Resolving memory bottlenecks
Windows applications use a lot of memory. If you install a
server with the minimum amount of memory required, it isn’t going to
perform at its optimal level. The reason for this is that a server’s
memory requirements depend on many factors, including
the services, components, and applications that are installed on the
server, as well as the server’s configuration.
Computers use both physical and virtual memory. Physical memory is represented by the
amount of random access memory (RAM) installed. Virtual memory is
memory written to a paging file on disk. Reading from and writing to
the paging file involve the disk subsystem, and it is much slower
than accessing physical memory. Because of this, you don’t want a
system to have to use the paging file too frequently.

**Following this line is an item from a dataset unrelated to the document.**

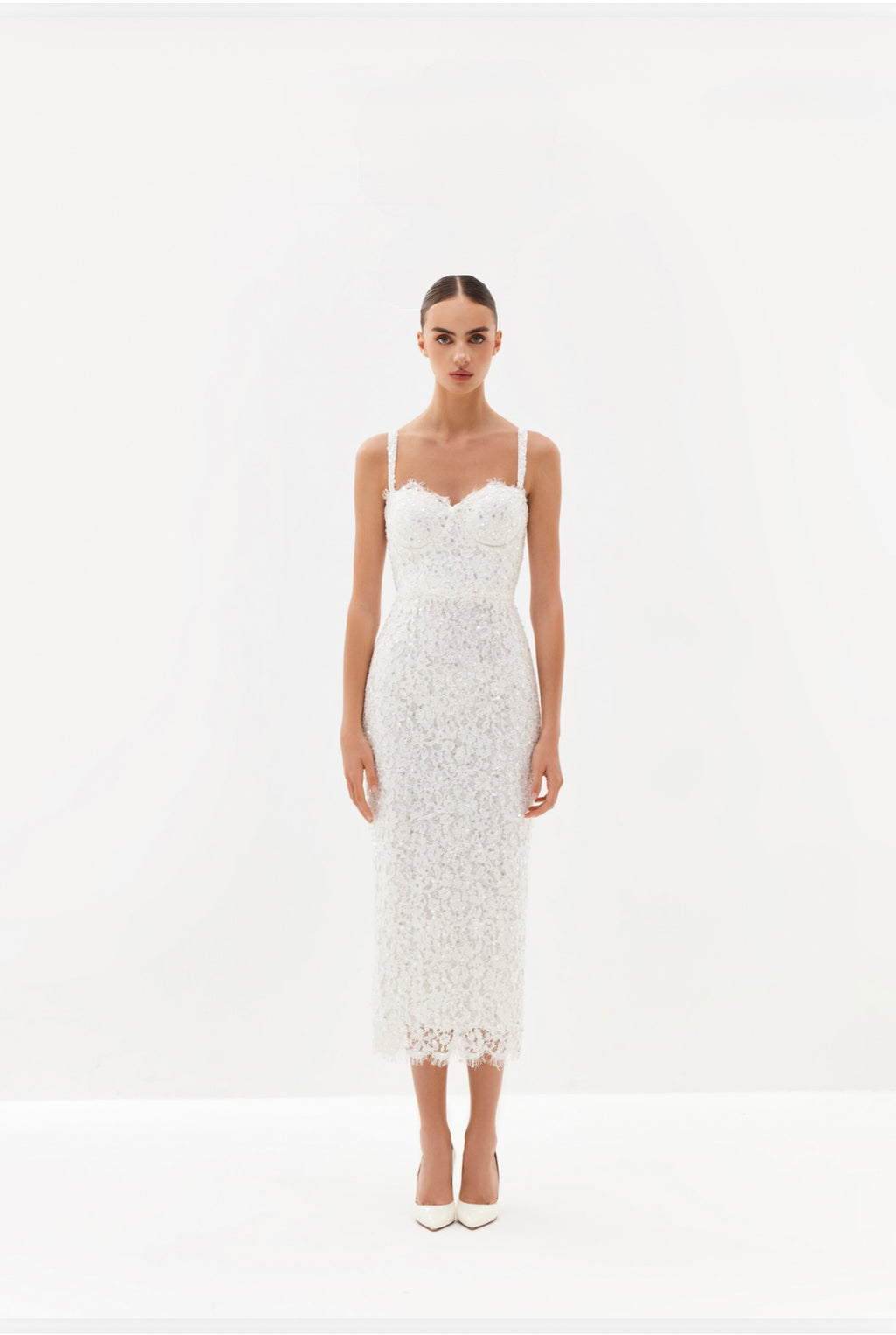 White sequin-embroidered midi dress with detachable straps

Before you set out to monitor memory usage, you should check
to ensure that the computer has the recommended amount of memory for
the operating system and the applications it is running. After
you’ve done this, you can determine how the system is using memory
and check for problems. Look closely at the amount of memory
available and the amount of virtual memory being used. If the server
has very little available memory, you might need to add memory to
the system. In general, you want the available memory to be no less
than 5 percent of the total physical memory on the server. If the
server has a high ratio of virtual memory being used to total
physical memory on the system, you might need to add physical memory
as well.
Look at the way the system is using the paged pool and
nonpaged pool memory. The paged pool is an area of system memory for
objects that can be written to disk when they aren’t used. The
nonpaged pool is an area of system memory for objects that can’t be
written to disk. If the size of the paged pool is large relative to
the total amount of physical memory on the system, you might need to
add memory to the system. If the size of the nonpaged pool is large
relative to the total amount of virtual memory allocated to the server, you might want to
increase the virtual memory size.
Look at the way the system is using the paging file. A page fault occurs when a process
requests a page in memory and the system can’t find it at the
requested location. If the requested page is elsewhere in memory,
the fault is called a soft page fault. If the
requested page must be retrieved from the paging file on disk, the
fault is called a hard page fault. Most
processors can handle large numbers of soft faults. Hard faults,
however, can cause significant delays. If there are a high number of
hard page faults, you might need to increase the
amount of memory or reduce the size of the system cache.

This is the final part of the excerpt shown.